# seguro/ seguro que



## DanielaKlein

Hola a todos:

¿se dice:  Seguro que voy mañana....o.... Seguro voy mañana?


Saludos,

Daniela


----------



## Tonerl

Seguro (de) que voy mañana !

LG


----------



## DanielaKlein

Gracias, ¿en serio?


Encuentro tantos ejemplos en Google que ponen seguro/ seguro que.
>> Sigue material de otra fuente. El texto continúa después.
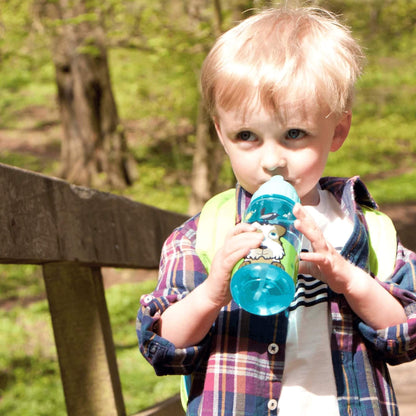 Child drinking from a blue drinks bottle outdoors.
Creo que las dos formas son coloquiales, no?


Saludos,

Daniela


----------



## ayuda?

*A mi parecer, sirven todas las dos frases:*
Seguro que voy mañana.
*De *seguro voy mañana. 

=A ver que dicen los de más foreros de habla española.


----------



## DanielaKlein

Sé que se dice: estoy seguro de que...

pero en la frase "Seguro de que voy" suena un poco raro.


Saludos,

Daniela


----------



## kunvla

1.  seguro que voy mañana ~ es steht fest / es ist sicher / es ist 100%, dass ich morgen (hin-)gehe

2. estoy seguro/-a de que voy mañana - ich bin mir (dessen) sicher, dass ich morgen (hin-)gehe

3. seguro voy mañana - (ganz) sicher / sicherlich gehe ich morgen (hin)

En (1) y (2) _seguro_ es adjetivo, en cambio, en (3) es adverbio (=seguramente).

Saludos,


----------